--- Dataset records ---
########
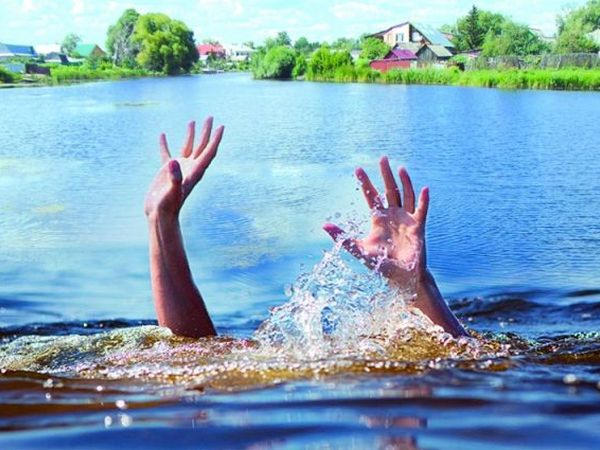 В Селидово утонул 29-летний мужчина
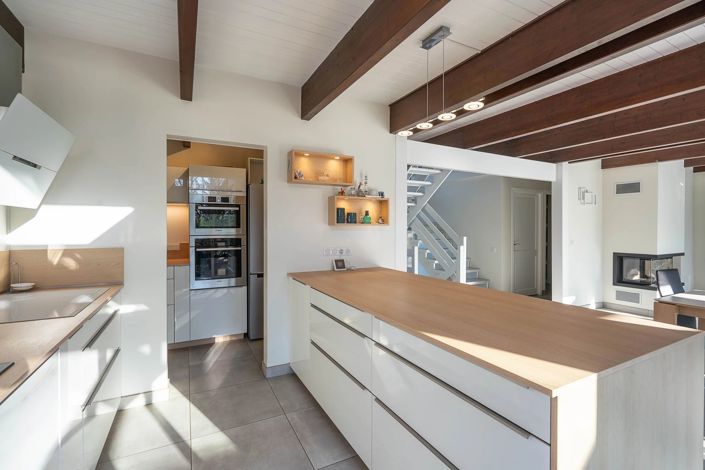 Image No.6-5 Bed House for sale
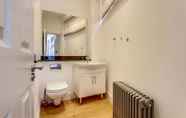 Toilet Kamar 7 Pont Street Mews Townhouse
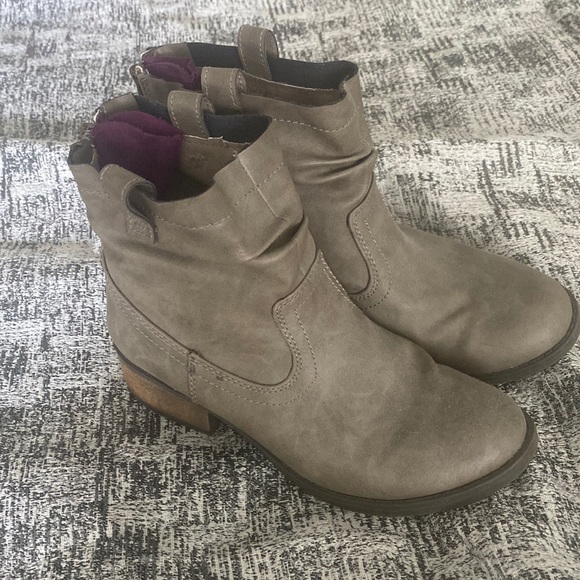 Cherokee Other - Cherokee Gray Western Boots Girls Size 4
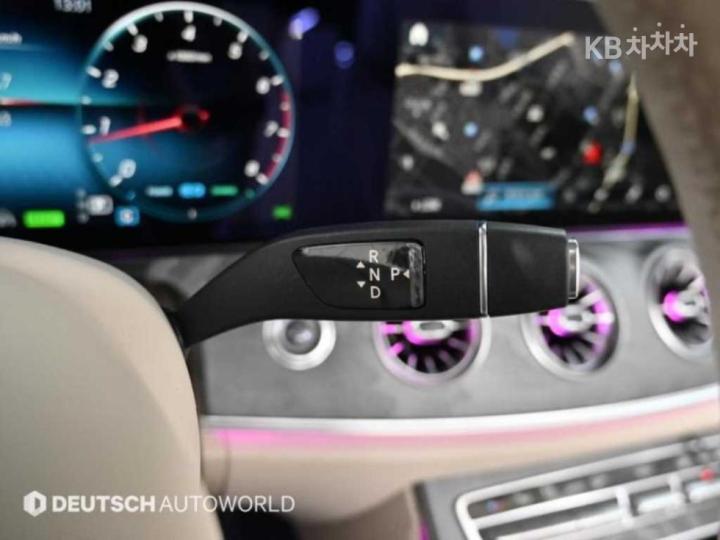 Mercedes-Benz E-Class W213 E450 4MATIC Carbriolet Base Type 10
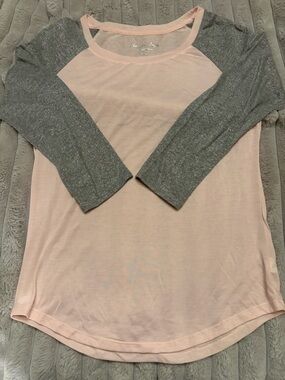 American Eagle Outfitters Blush Pink & Sparkly Gray Baseball Tee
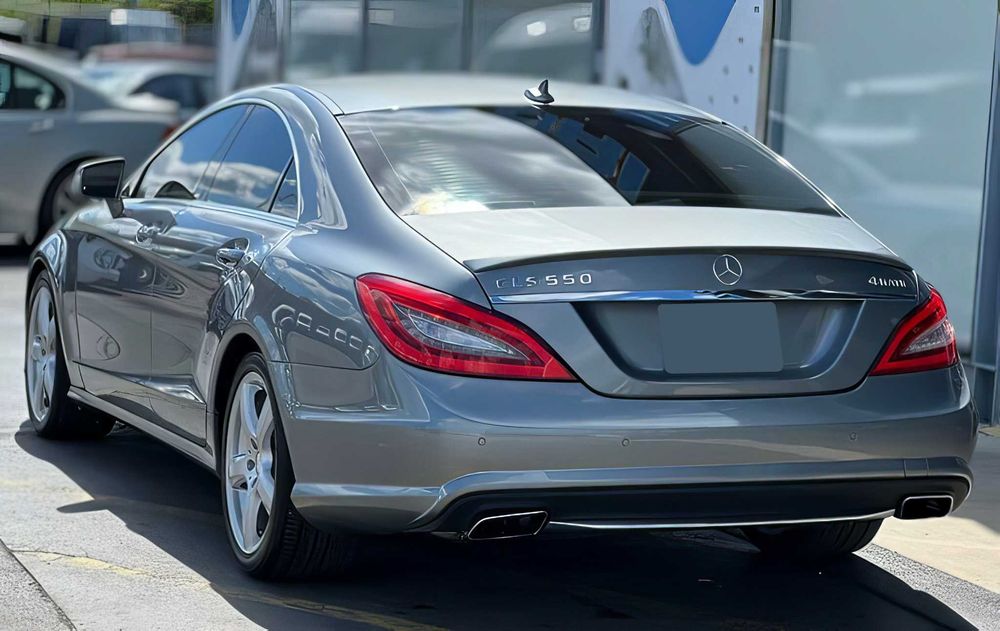 Mercedes-Benz CLS      2013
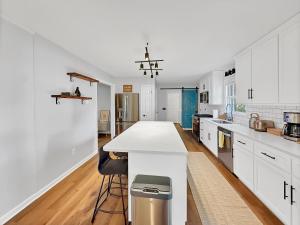 Dapur atau dapur kecil di 3 Bedrooms 8 Guests Modern Ranch Retreat on Half Acre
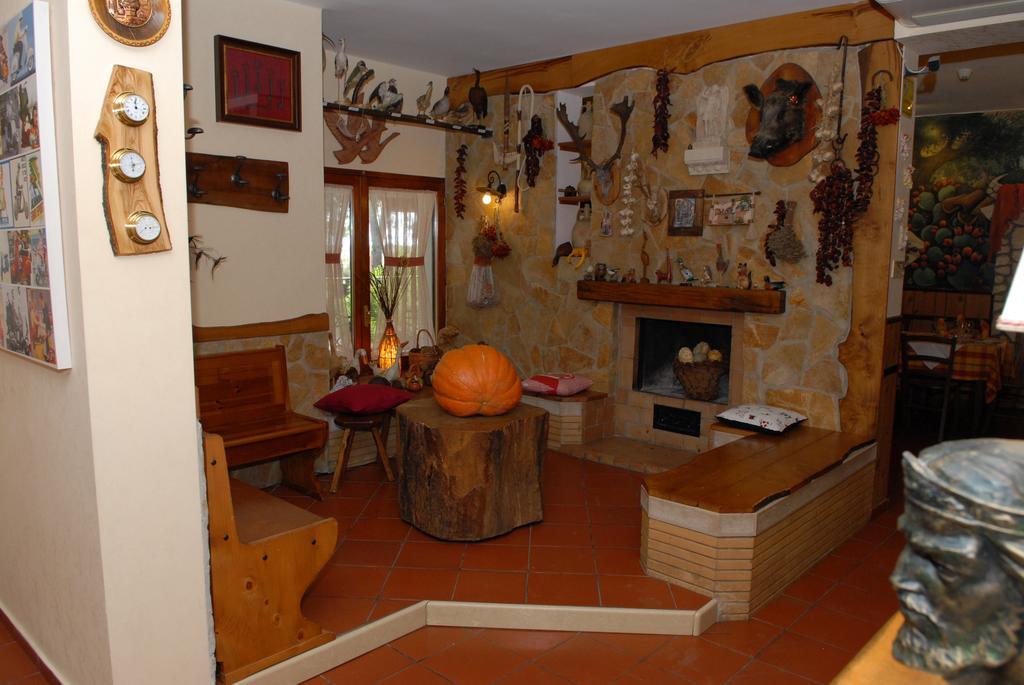 B&B Oasi Lago Salso Siponto Exterior photo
########
--- Your objective ---
Output the entries above verbatim. Omit the images.

--- Output below ---
 В Селидово утонул 29-летний мужчина
 Image No.6-5 Bed House for sale
 Toilet Kamar 7 Pont Street Mews Townhouse
 Cherokee Other - Cherokee Gray Western Boots Girls Size 4
 Mercedes-Benz E-Class W213 E450 4MATIC Carbriolet Base Type 10
 American Eagle Outfitters Blush Pink & Sparkly Gray Baseball Tee
 Mercedes-Benz CLS      2013
 Dapur atau dapur kecil di 3 Bedrooms 8 Guests Modern Ranch Retreat on Half Acre
 B&B Oasi Lago Salso Siponto Exterior photo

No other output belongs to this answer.